La televisione e anche la musica di oggi raccontate dall'ideatore dello storico programma di RaiTre del quale, sabato 25 maggio, ha condotto la sua ultima puntata

L'articolo Massimo Bernardini, dopo l’addio a TvTalk: “Mi mancherà il gruppo. Difficolta? Tante. Un conduttore Rai si è lamentato senza ragione per gli ospiti Mediaset. Telemeloni? Gli altri facevano lo stesso con più stile” proviene da Il Fatto Quotidiano.

Quando suono il campanello di casa Bernardini sono le 15:30 del 22 maggio, tre giorni prima dell’ultima puntata di TvTalk condotta da Massimo.
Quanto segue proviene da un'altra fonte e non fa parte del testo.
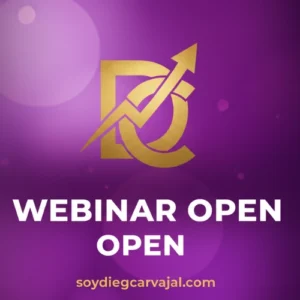 Banner púrpura con logo dorado y flecha ascendente para webinar abierto de Coach En Colombia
Ci sono dischi e libri dappertutto. Dischi e libri in una stanza ‘dedicata’. Dischi e libri in soggiorno. Dischi e libri nei disimpegni. E strumenti musicali chiusi in un armadio: contrabbasso, pianoforte, basso elettrico, chitarra acustica. Perché Massimo Bernardini è musicista e arrangiatore (e “polistrumentista amatore”). Prima di fare tv (come gli suggerì Giorgio Gaber), ha fatto il critico musicale ed è stato responsabile della redazione spettacoli dell’Avvenire. Ci sediamo una di fronte all’altro con la luce del sole che entra chiara da una grande finestra, primo sprazzo di sole a Milano dopo diversi giorni.
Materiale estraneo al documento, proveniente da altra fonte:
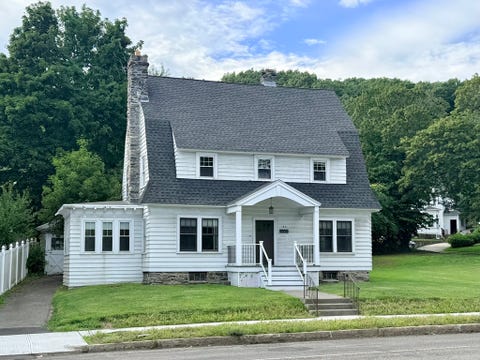 Photo of 182 Park Ave, Worcester, MA 01609 (MLS # 73560129)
Bernardini che lascia TvTalk è una di quelle cose che non ti aspetti. Vale almeno una spiegazione.
La mia curiosità si è semplicemente usurata. Quando abbiamo cominciato TvTalk erano appena arrivati i reality. Era partito il Grande Fratello, la televisione stava vivendo un mutamento. TvTalk è nato perché la televisione era interessante e io ne ero affascinato. Da molti anni invece la proposta non è attraente. Probabilmente non ho ragione io solo che, come dicevo, la mia curiosità si è usurata.
Qualcosa da salvare nella tv di oggi però c’è.
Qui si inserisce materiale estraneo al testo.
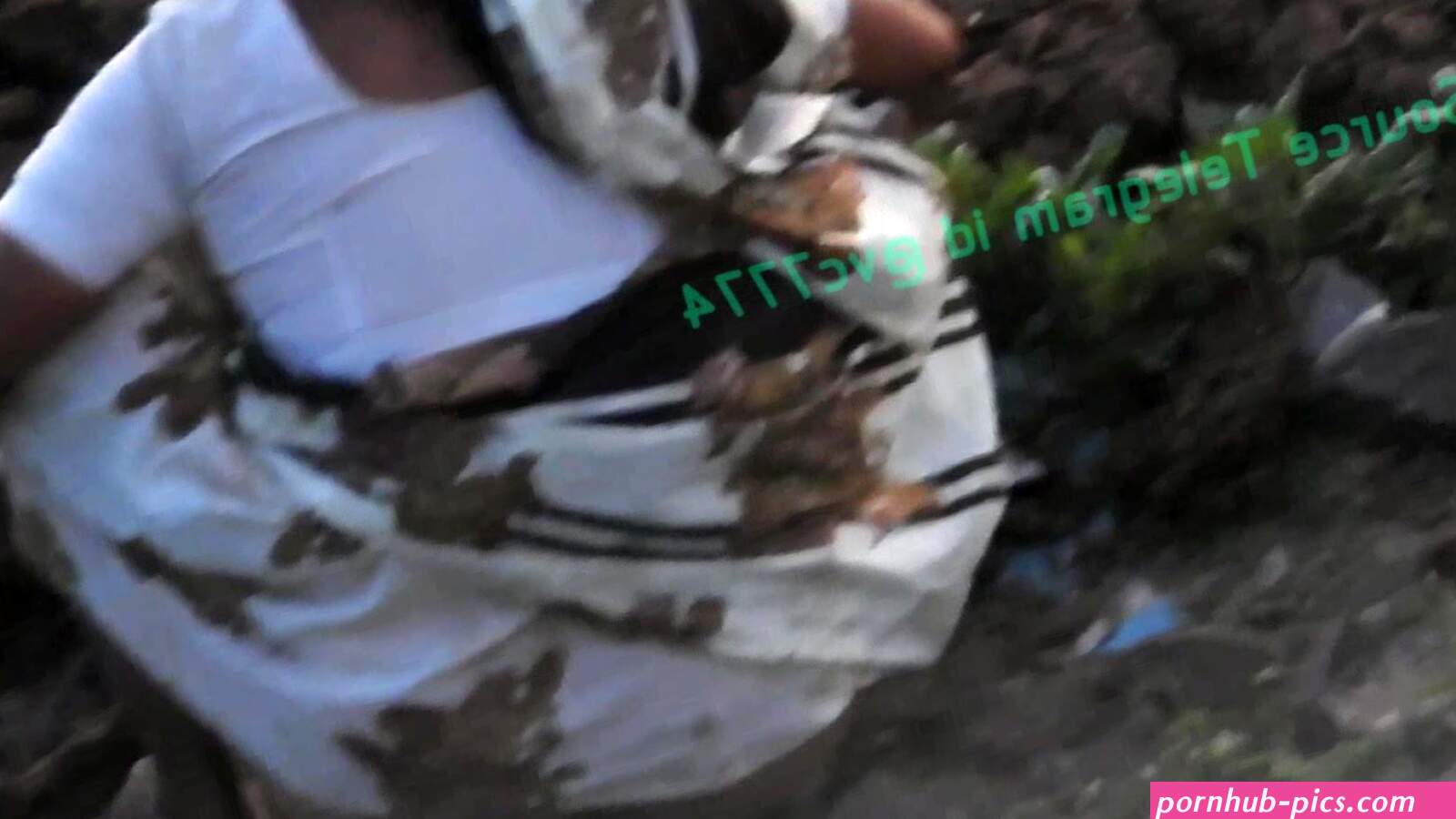Ind toilet: Desi ass show shit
Sì ma questo è il mio mood e ce l’ho da almeno cinque anni. Se ho continuato è per il gruppo di lavoro, talmente formidabile che pur di continuare a lavorare con loro ho superato la noia.
Le mancheranno?
Sì, loro sì. Mi mancherà quello che abbiamo costruito insieme. Un programma come un giornale, sono prodotti collettivi. Si tratta di famiglie, di comunità. So bene che spesso in tv il clima non è così “friendly”, così rispettoso dell’altro, anzi è creato da gente che vuole farsi la festa a vicenda. Invece da noi il clima è magico.
È in pace con la sua decisione, nonostante la nostalgia per le persone?
Sì. Cito un passo del Vangelo di Luca, “siamo servi inutili, abbiamo fatto quanto dovevamo fare”. Quello che è fatto è fatto, la vita non si esaurisce con il lavoro o con la soddisfazione delle ambizioni, per quanto nobili possano essere. E poi sa una cosa? Io e mia moglie ci siamo messi insieme in prima liceo e per molti anni lei mi ha aspettato. Prima gli orari della redazione, poi quelli della televisione. Ora non dovrà aspettarmi più.
Il volto di TvTalk è Massimo Bernardini. Chi verrà dopo di lei non avrà un compito facile.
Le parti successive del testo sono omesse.